Tried my hand at putting together the CPVC manifold. I may swap the 90 elbow out for a couple 45s to lessen the slope to the output. Seems to me you'd be banging that around while stirring alot. Good thing is I made it a tight fit side to side, so the manifold itself doesn't budge. I haven't done anything to the bottom yet. Still deciding whether slits or 3/32" holes are better. Anyone think there's a difference which method to use? Also found this nifty lead free/CPVC coupler that screws right into my ball valve. Haven't tested with water yet for leaks (still need to finish bottom) but have high hopes this will work as it appears to have a good seal with the garden hose gaskets on either side.

mashtun_manifold1.jpg


mashtun_manifold2.jpg
 
Here you go!

Overview of mash tun

1


The mashing manifold upside down, showing the slits which were cut with a hacksaw and "polished" with sandpaper

0


Showing the "neck" of the mashing manifold

4


This is the fly sparging manifold which is mounted under the lid of the mash tun

5


Inside the mash tun, showing the connector from valve-manifold neck

3


Inside mash tun, manifold connected

2


Close-up of manifold neck connected to valve adapters

6


Outside valve

7


Close-up of outside, a mixture of rubber and metal washers

8





Hope that helps!
 
Here you go!

Overview of mash tun

http://ge.tt/4ZNBmEK1/v/1?c

1


The mashing manifold upside down, showing the slits which were cut with a hacksaw and "polished" with sandpaper

http://ge.tt/4ZNBmEK1/v/0?c

0


Showing the "neck" of the mashing manifold

http://ge.tt/4ZNBmEK1/v/4?c

4


This is the fly sparging manifold which is mounted under the lid of the mash tun

http://ge.tt/4ZNBmEK1/v/5?c

5


Inside the mash tun, showing the connector from valve-manifold neck

http://ge.tt/4ZNBmEK1/v/3?c

3


Inside mash tun, manifold connected

http://ge.tt/4ZNBmEK1/v/2?c

2


Close-up of manifold neck connected to valve adapters

http://ge.tt/4ZNBmEK1/v/6?c

6


Outside valve

http://ge.tt/4ZNBmEK1/v/7?c

7


Close-up of outside, a mixture of rubber and metal washers

http://ge.tt/4ZNBmEK1/v/8?c

8





Hope that helps!
 
That does help alot! Thank you for the very detailed pictures. I think I'm going to re-engineer my setup a little. Your pickup line to the drain is alot cleaner and looks like will solve my concern about knocking into it while stirring compared to what I have right now. Thank you for the pics man. I'll post mine when completed.

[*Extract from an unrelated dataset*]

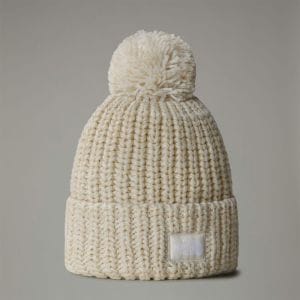The north face - W's COSY CHUNKY CABIN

I also like your fly sparge arm setup. How did you mount that to the lid? I was originally going to make a 2nd manifold and just lay it onto those lips we have along the sides of the cooler, but that would keep the top propped open (not sure if that's an issue or not).
 
Hi again,

For the fly sparge manifold, I made a rectangle and added one "center tube". The holes were drilled with a small drill bit. I glued the rectangle together, since this one (unlike the bottom manifold) doesn't have to be taken apart for cleaning.

I then drilled a hole in the lid, and glued the tube that goes through the lid to the manifold itself and the top 90-degree connector. I used a CPVC cement as the glue. It smells a bit at first but goes away quickly.

The dimensions for the sparge manifold are here: http://ge.tt/4ZNBmEK1/v/9?c

The dimensions for the mash manifold are here: http://ge.tt/4ZNBmEK1/v/01?c

Best,
-e
 
Thanks aledawg. You inspired my new design, though I didn't feel too comfortable drilling a hole into the lid just yet. Here's some pics. A test run with water was a huge success. I have to think this will improve my product from the old setup. I switched out as much of my copper/brass as possible with the SS fittings I could find. Still need to find a SS barbed adapter for the valve outlet.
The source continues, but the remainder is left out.